Over the study period, aortic dissection occurred in 2 of the 416 patients and the 25-year cohort risk of aortic dissection after echocardiographic diagnosis was 0.5 percent. In a comparison of incident rates, patients with BAV had a 8.4 times increased risk of aortic dissection compared with the county's general population, however, the absolute risk remained low. "The low aortic dissection incidence and lack of association with a detectable reduction in survival is reassuring," the authors write.
Of 384 patients without aortic aneurysms at the beginning of the study, 49 developed aneurysms at follow-up. The 25-year risk of aneurysm formation among BAV patients was 26 percent. Analysis of incidence rates indicated these patients had a 86 times higher risk of aneurysm formation compared with the general population. After aneurysm diagnosis, the 15-year risks of aortic surgery and aortic dissection were 46 percent and 7 percent, respectively. The 25-year risk of aortic surgery after BAV diagnosis was 25 percent.
The researchers also found that the dissection incidence was higher in patients older than 50 years and higher in those with baseline aortic aneurysms, "highlighting the importance of close monitoring and current guideline implementation in these subgroups."

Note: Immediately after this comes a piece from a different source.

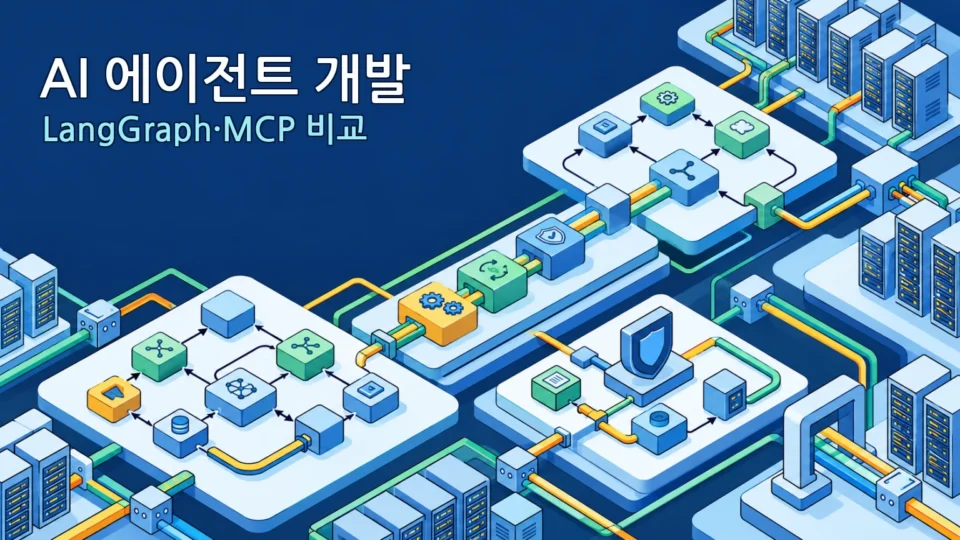 LangGraph와 MCP의 AI 에이전트 개발 구조를 비교하는 시스템 도표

Also, patients with BAV had a 25-year risk of valve replacement of 53 percent. "Our study confirms that aortic valve replacement remains the most common complication of patients with BAV. This highlights the importance of early recognition of BAV by careful cardiac auscultation [listening for sounds made by internal organs to aid in the diagnosis of certain disorders] in order to prevent heart failure due to late valvular surgery referrals, as well as potentially to prevent dissection by elective aorta surgical repair," the authors write.
"Research efforts should concentrate on elucidating biological pathways of BAV aortopathy [disease of the aorta] amenable to medical treatment, as well as identifying nonsize markers for refining risk prediction of aortic dissection in these patients," the researchers conclude.